A Louisville U.S. District Court jury found that Advanced Bionics knowingly sold the implants after they were deemed defective.
In 2006, an Advanced Bionics cochlear device was implanted into then-four-year-old Breanna Sadler’s head. Four years later, the device emitted an electrical short and shocked the Vine Grove, Ky. native so violently that she was thrown to the ground, vomiting and convulsing.
After two more similar episodes, the device was removed from her skull and replaced with a competitor’s model.
Breanna’s parents sued Advanced Bionics, now owned by Sonova Holding AG, accusing the company of continuing to sell the cochlear device after executives knew it was defective. On April 16th, the jury agreed and awarded Breanna, now 11, and her parents a total of $7.25 million in damages. The jury also said the company should pay $6.25 million in punitive damages alone for recklessly disregarding patient safety.

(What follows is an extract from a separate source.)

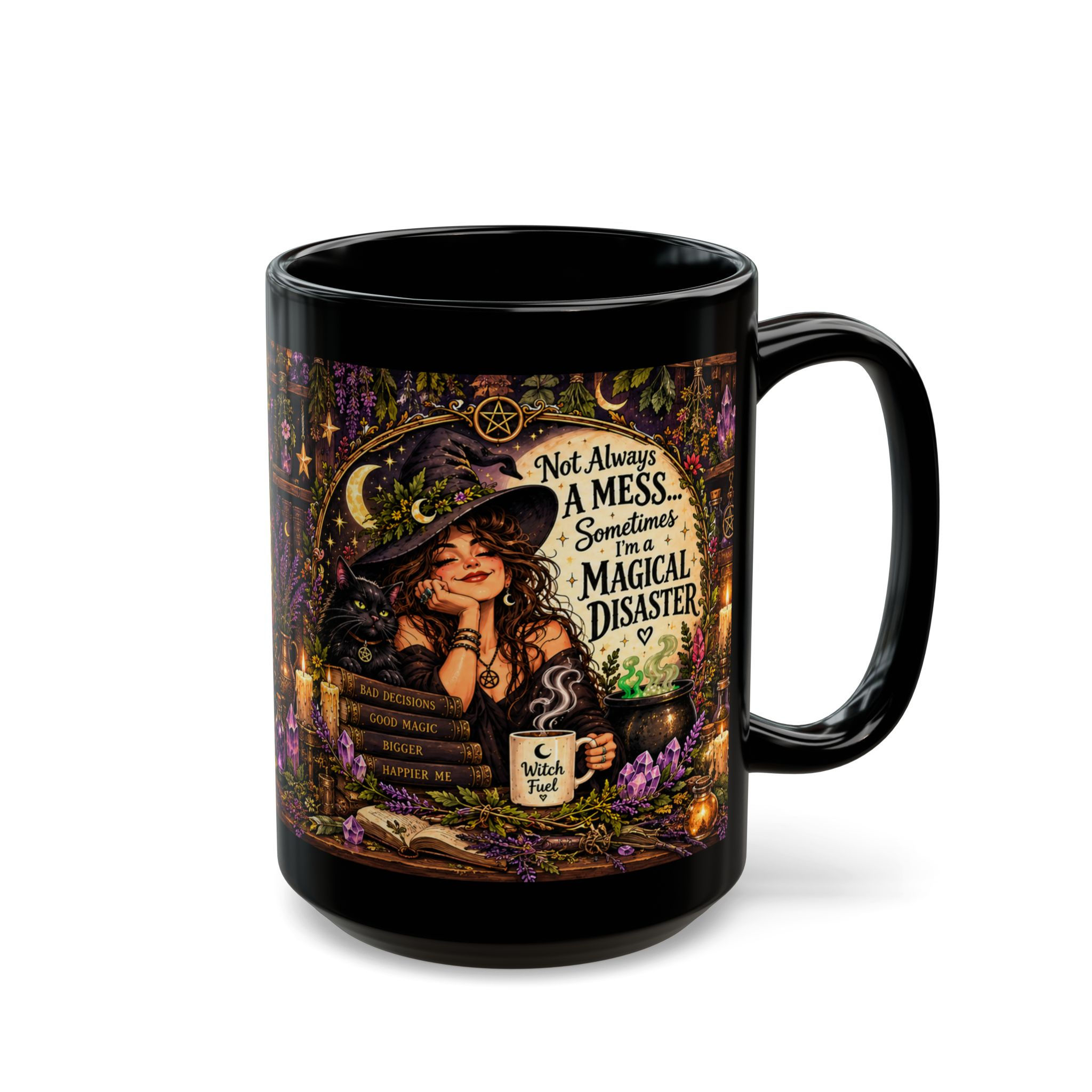 Black Magical Disaster mug with a witch, books, candles and a steaming cup; front view, handle right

This is the first of 40 pending lawsuits of its kind filed nationally.
In a statement, a representative of Advanced Bionics said the company “respects the jury, but disagrees with its verdict, particularly with respect to punitive damages,” and is considering an appeal.
In court, the company and its legal team blamed the defect on a supplier and argued that Breanna’s injuries were minimal.
In 2008, the company paid a $1.1 million civil penalty to the U.S. Food and Drug Administration to settle allegations that it failed to notify the agency that it was using a new supplier for one of the implant’s components, which the FDA said exposed patients to “unnecessary health risks.”